What to produce
Look through the listing below for the line containing "Gecko reptiles for". Copy it and each line after it up to and including the line containing "Mosasaur - Fossil", exactly, leaving out pictures.

--- Source material ---

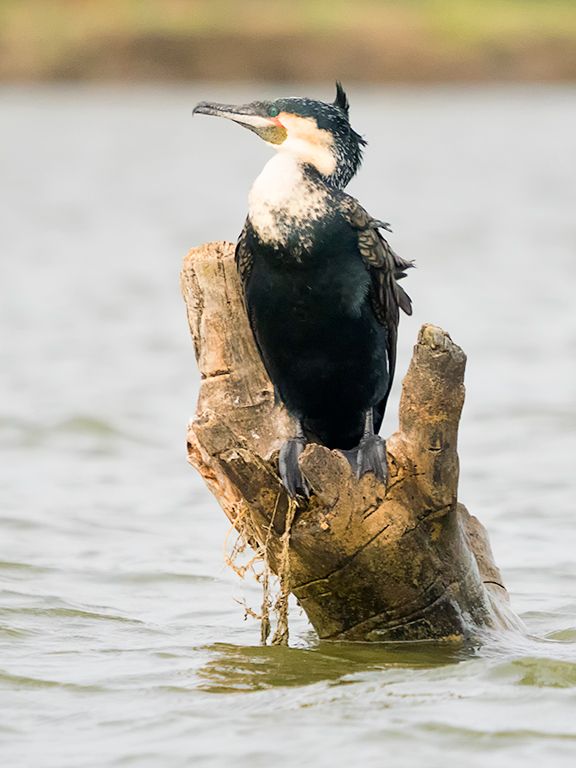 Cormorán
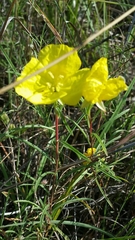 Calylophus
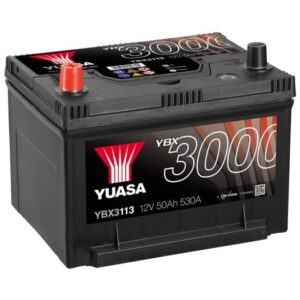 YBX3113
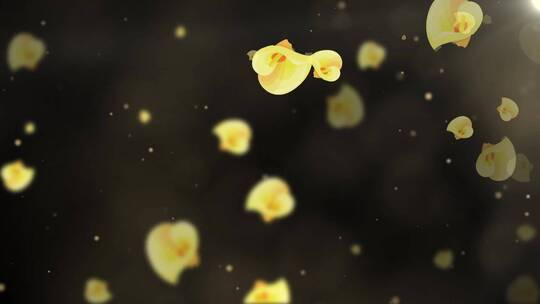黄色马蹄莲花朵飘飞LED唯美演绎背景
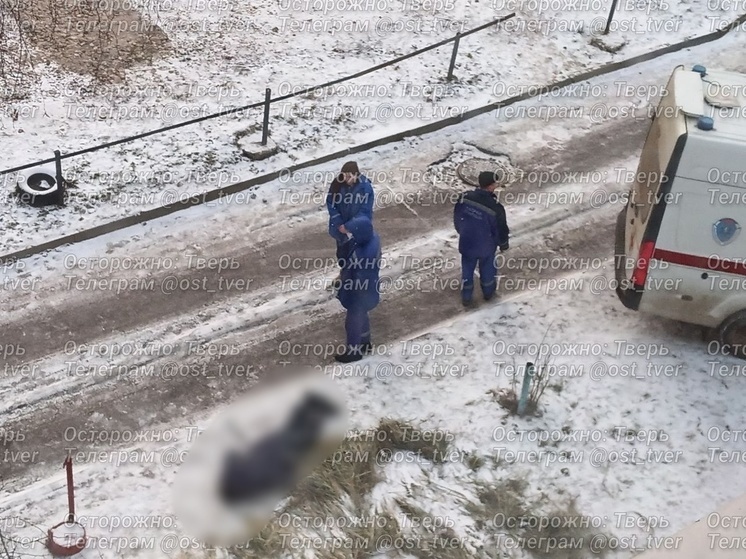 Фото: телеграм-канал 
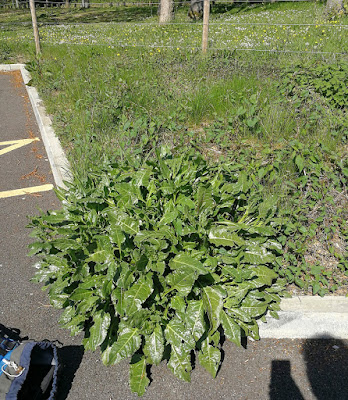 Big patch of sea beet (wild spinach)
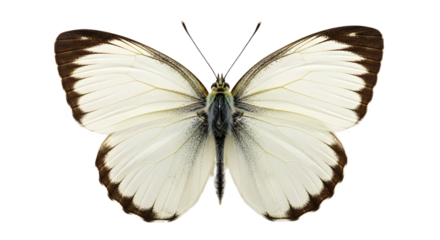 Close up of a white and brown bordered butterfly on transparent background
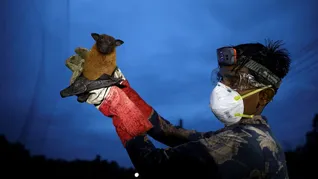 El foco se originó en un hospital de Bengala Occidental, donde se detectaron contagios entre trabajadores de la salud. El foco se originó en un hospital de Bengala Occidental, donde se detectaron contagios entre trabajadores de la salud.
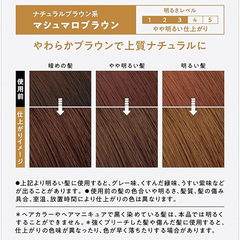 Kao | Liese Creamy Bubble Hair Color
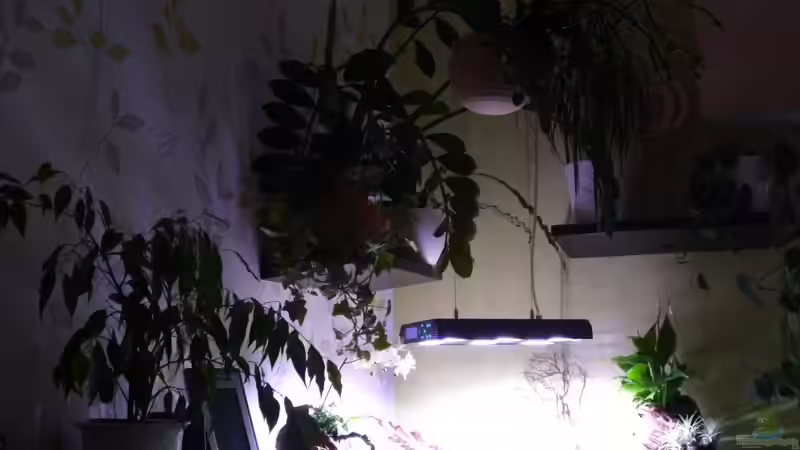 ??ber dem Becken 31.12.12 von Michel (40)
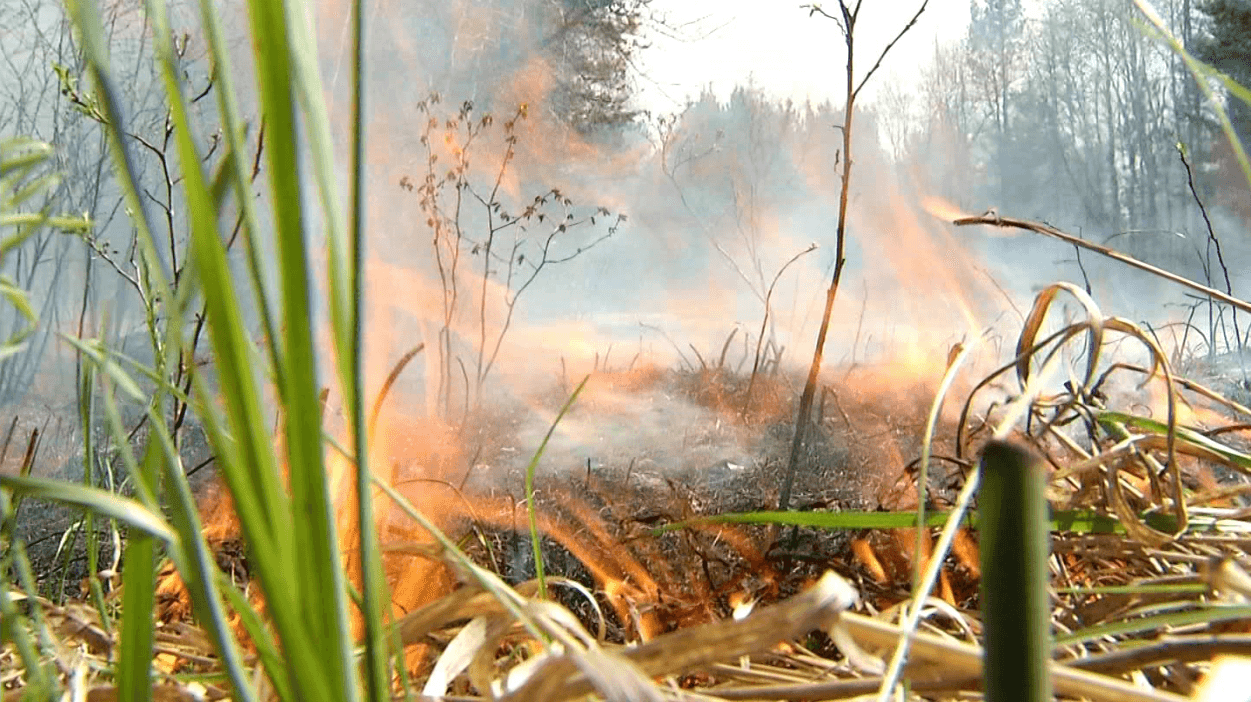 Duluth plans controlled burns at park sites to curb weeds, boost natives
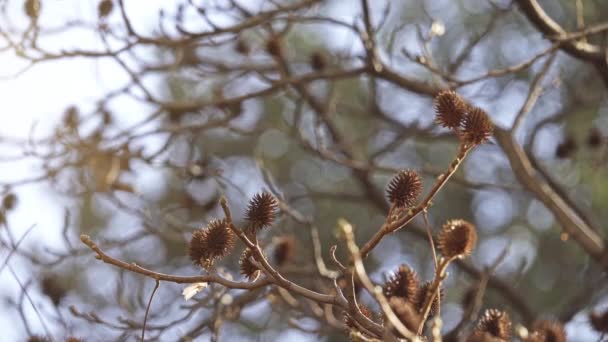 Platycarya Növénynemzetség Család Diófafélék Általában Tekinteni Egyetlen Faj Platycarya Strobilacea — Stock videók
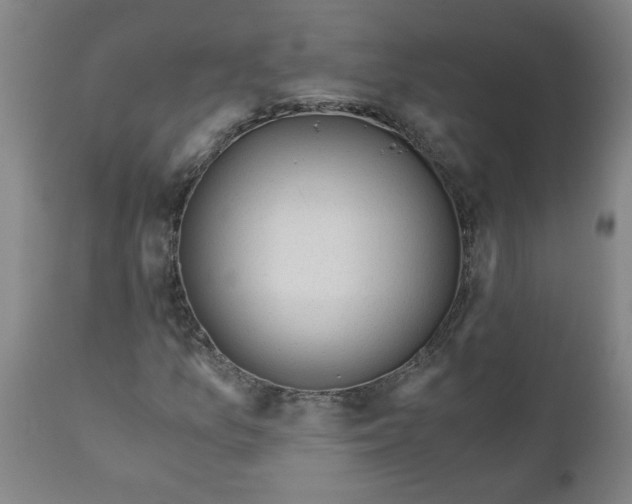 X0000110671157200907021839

---
--- Source material ---

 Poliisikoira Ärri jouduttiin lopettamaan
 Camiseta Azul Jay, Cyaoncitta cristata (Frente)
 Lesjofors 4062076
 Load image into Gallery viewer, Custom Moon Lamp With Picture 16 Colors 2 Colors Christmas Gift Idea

---
--- Source material ---

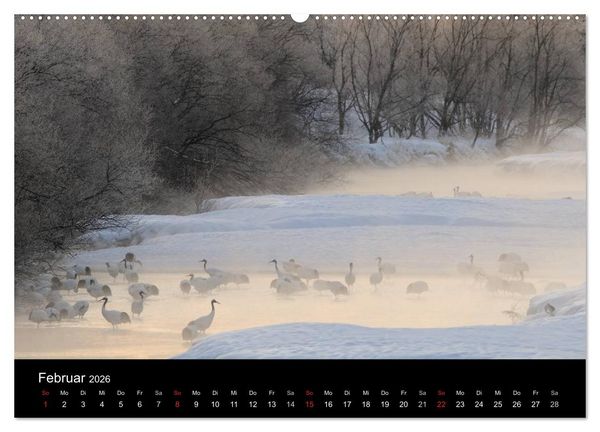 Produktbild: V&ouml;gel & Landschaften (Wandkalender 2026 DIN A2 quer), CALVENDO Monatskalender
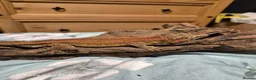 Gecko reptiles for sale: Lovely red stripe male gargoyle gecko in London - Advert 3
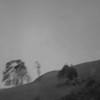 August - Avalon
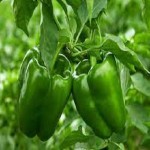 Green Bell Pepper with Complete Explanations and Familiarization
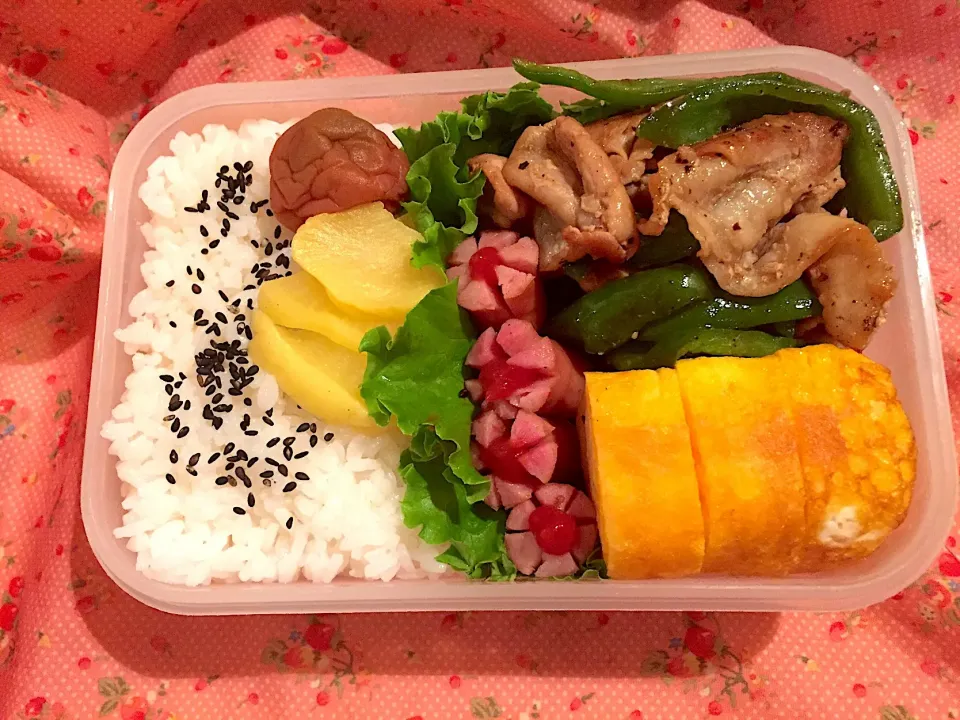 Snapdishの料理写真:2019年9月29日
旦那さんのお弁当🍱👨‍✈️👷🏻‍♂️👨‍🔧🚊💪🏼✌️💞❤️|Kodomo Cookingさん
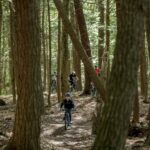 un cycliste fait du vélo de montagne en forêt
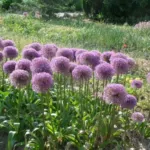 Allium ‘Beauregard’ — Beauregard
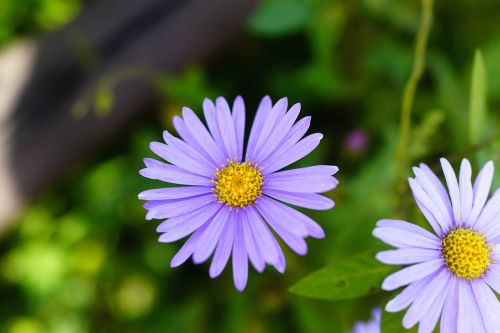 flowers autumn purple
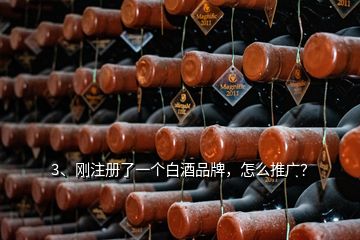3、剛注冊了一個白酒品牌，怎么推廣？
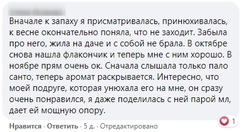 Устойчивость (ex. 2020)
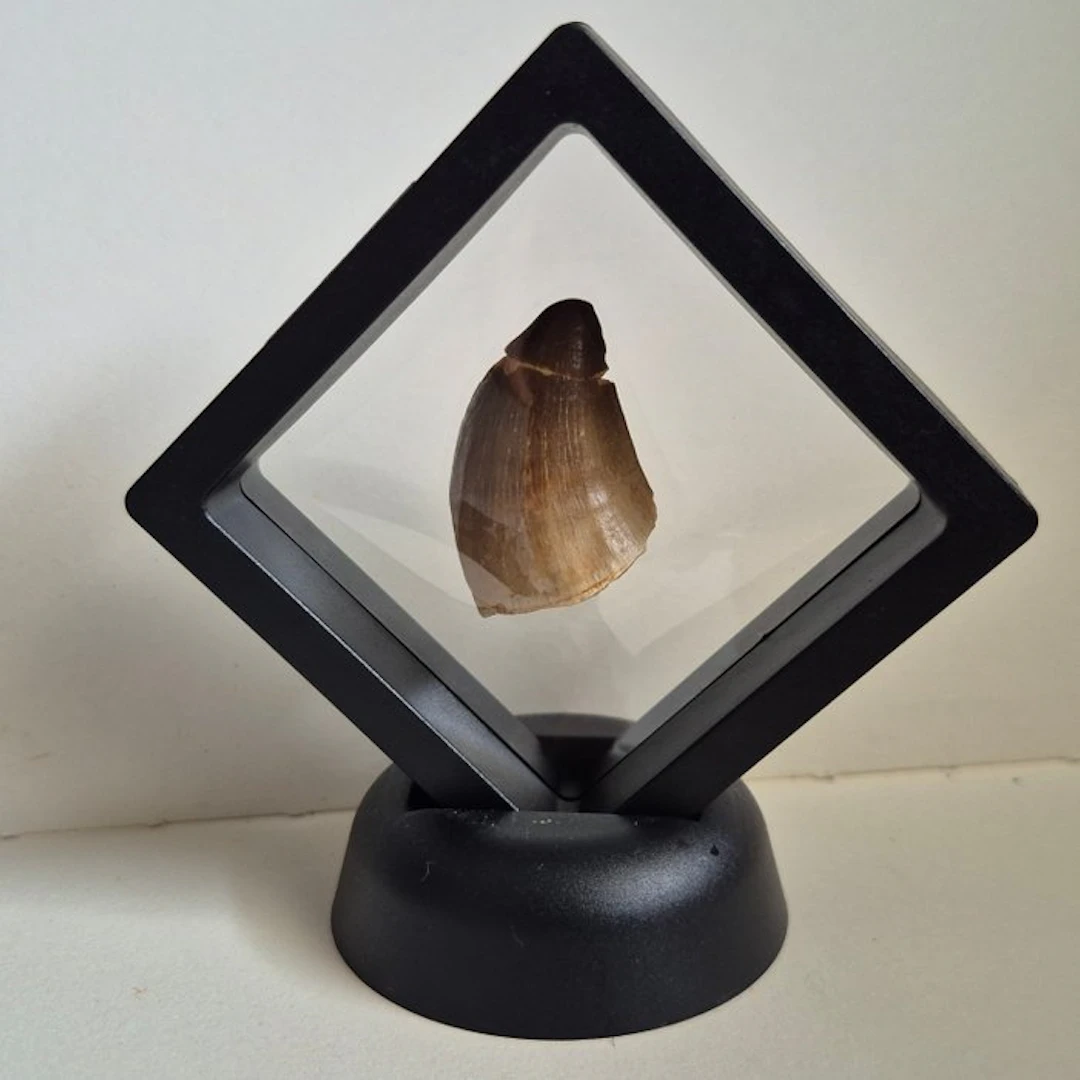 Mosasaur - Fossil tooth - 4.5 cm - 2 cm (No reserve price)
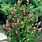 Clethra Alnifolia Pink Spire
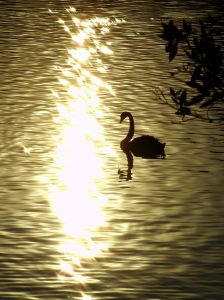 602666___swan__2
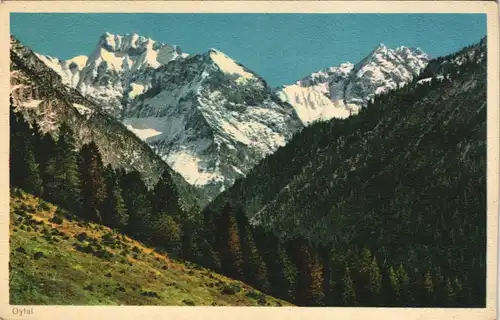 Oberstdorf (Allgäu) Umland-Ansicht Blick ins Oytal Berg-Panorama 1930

---

Task answer
 Gecko reptiles for sale: Lovely red stripe male gargoyle gecko in London - Advert 3
 August - Avalon
 Green Bell Pepper with Complete Explanations and Familiarization
 Snapdishの料理写真:2019年9月29日
旦那さんのお弁当🍱👨‍✈️👷🏻‍♂️👨‍🔧🚊💪🏼✌️💞❤️|Kodomo Cookingさん
 un cycliste fait du vélo de montagne en forêt
 Allium ‘Beauregard’ — Beauregard
 flowers autumn purple
3、剛注冊了一個白酒品牌，怎么推廣？
 Устойчивость (ex. 2020)
 Mosasaur - Fossil tooth - 4.5 cm - 2 cm (No reserve price)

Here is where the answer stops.